Il n'y a que deux pistes. D'abord, la maîtrise des dépenses de santé : le gouvernement a fait l'inverse depuis quinze mois ; c'est en partie ce laxisme qui mène à l'impasse financière. L'autre piste : trouver des recettes ; et quand les bases s'essoufflent à cause de la faiblesse de la croissance, il n'y a pas d'autre solution que d'augmenter les taux. Cette politique conduit donc inéluctablement à une hausse de la CSG.

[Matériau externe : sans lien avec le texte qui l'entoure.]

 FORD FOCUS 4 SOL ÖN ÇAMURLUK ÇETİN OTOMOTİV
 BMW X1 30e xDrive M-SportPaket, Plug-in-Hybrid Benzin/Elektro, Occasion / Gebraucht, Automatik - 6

Croyez-vous à une relance par l'offre ?
Avec un taux de chômage de bientôt 10 %, une consommation exsangue et des investissements en récession, le problème de la France, c'est la demande - donc, à nouveau, la confiance : au lieu de phrases creuses, il faut une politique claire de soutien de la croissance, des perspectives crédibles, des engagements respectés.

Que répondez-vous à ceux qui accusent les socialistes de n'avoir pas utilisé la croissance pour réduire les déficits ?

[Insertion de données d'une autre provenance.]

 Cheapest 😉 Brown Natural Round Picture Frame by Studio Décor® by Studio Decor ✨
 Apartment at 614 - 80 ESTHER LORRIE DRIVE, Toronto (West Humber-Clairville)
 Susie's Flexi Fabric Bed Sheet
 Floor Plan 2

Nous avons laissé le déficit à un niveau très acceptable : 1,4 % du PIB fin 2001. On aurait sans doute pu aller plus loin. Mais n'est-ce pas M. Chirac qui prétendait qu'il y avait une " cagnotte " ? Ne polémiquons pas sur le passé : chaque gouvernement considère qu'il trouve une situation exécrable, c'est la loi du genre. Ce qui compte, c'est ce qu'il fait pour améliorer la situation. Six mois après l'arrivée de Lionel Jospin, les comptes publics étaient redressés et la France se trouvait qualifiée pour l'euro. La croissance était hésitante mais la volonté politique sans faille. Plus d'un an après la réélection de M. Chirac, la dégradation est massive ; l'OCDE juge qu'elle est due aux deux tiers aux décisions de politique économique et non à la conjoncture.

Êtes-vous d'accord pour faire du lundi de Pentecôte un jour travaillé ?
A première vue, la mesure semble généreuse : un geste de solidarité pour les aînés. Mais, s'il s'agit simplement de faire travailler les Français un jour de plus, elle est absurde. Elle repose sur l'hypothèse qu'une journée de travail supplémentaire produira un surcroît de valeur ajoutée. Mais nous ne sommes pas dans une économie soviétique : il ne suffit pas de décréter une journée de travail en plus pour produire tant de millions de boulons supplémentaires ! Ce serait croire que la croissance est bridée parce qu'il n'y a pas assez d'heures travaillées, alors que nous avons 10 % de chômeurs ! Si la croissance est bridée, c'est à cause de la demande : personne ne veut acheter les boulons. Alors, si ce que veut le gouvernement c'est seulement créer une nouvelle taxe sur les entreprises, je ne suis pas sûr que le Medef continuera d'applaudir avec autant de force.